Der Doomsday-Gletscher bricht von innen zusammen: Wissenschaftler entdecken neue Bedrohung.
Nach Angaben von ТСН: Die Pine-Island- und Thwaites-Gletscher in der Antarktis, auch bekannt als "Doomsday-Gletscher", sind derzeit aktiv von Unterwasserprozessen betroffen. Wissenschaftler schlagen Alarm, da die Zerstörung dieser Gletscher schneller erfolgt, als zuvor angenommen.
Forscher haben ozeanische Wirbel entdeckt, die das Eis von innen zerbrechen. Diese Unterwasser-"Stürme" verhalten sich wie Mixer und leiten warmes Wasser an die Basis der Gletscher, was ernsthafte Auswirkungen auf den globalen Meeresspiegel haben könnte.

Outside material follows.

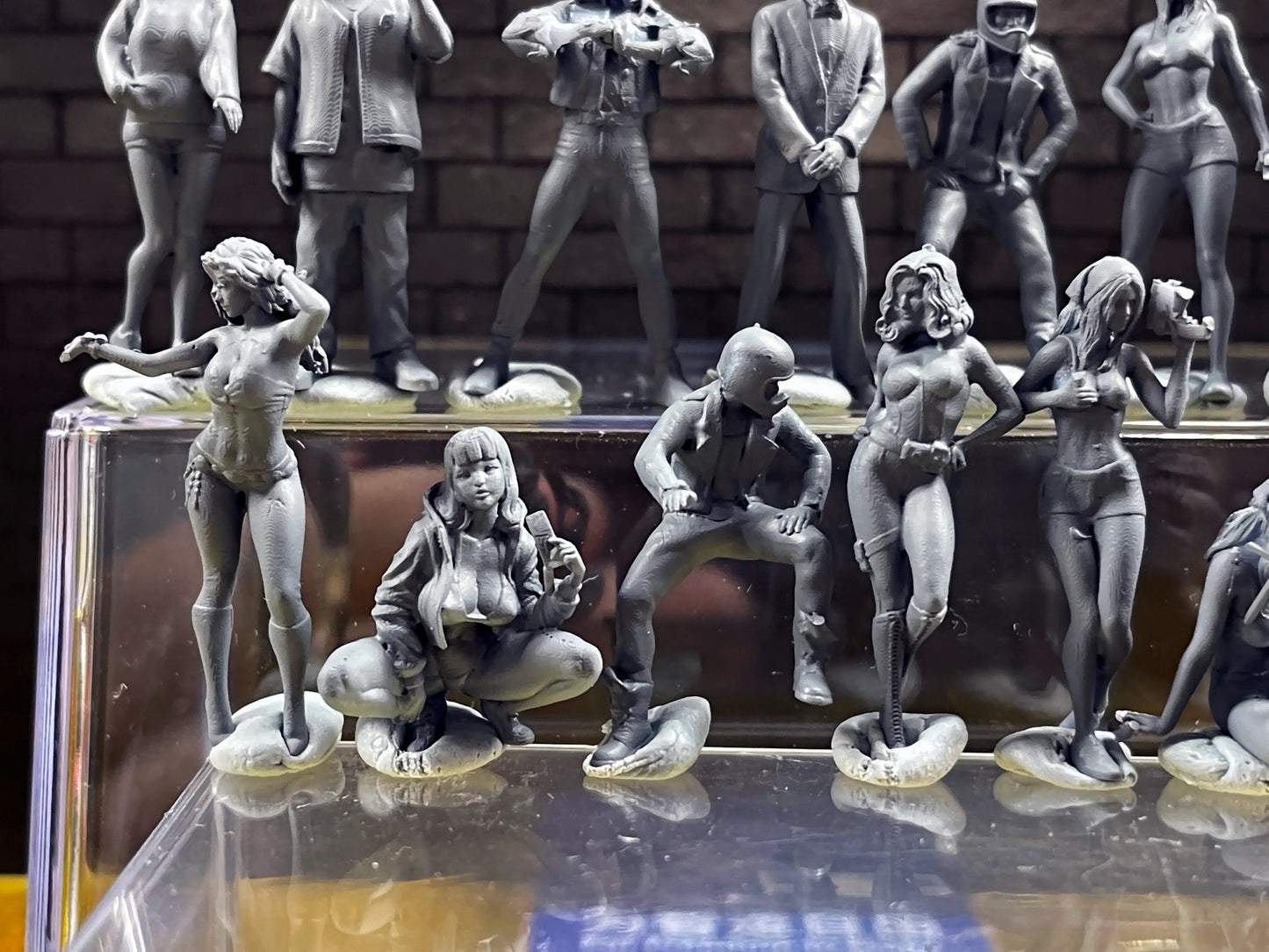 1:64 Miniature Human Figures - Resin / unpainted - great for Dioramas Hot Wheels - Made in the USA LOT 578 - Miniature 1.10"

Was sind unterwasser "Stürme"
Diese Phänomene sind sub-meso-skala Wirbel - schnelle ozeanische Strömungen, die Wissenschaftler mit Stürmen in der Atmosphäre vergleichen.
„Stellen Sie sich das wie kleine Wasserwirbel vor, die sich sehr schnell drehen, als würden Sie Wasser in einer Tasse umrühren“, erklärt Mitautorin der Studie, Mattia Ponelli von der University of California in Irvine.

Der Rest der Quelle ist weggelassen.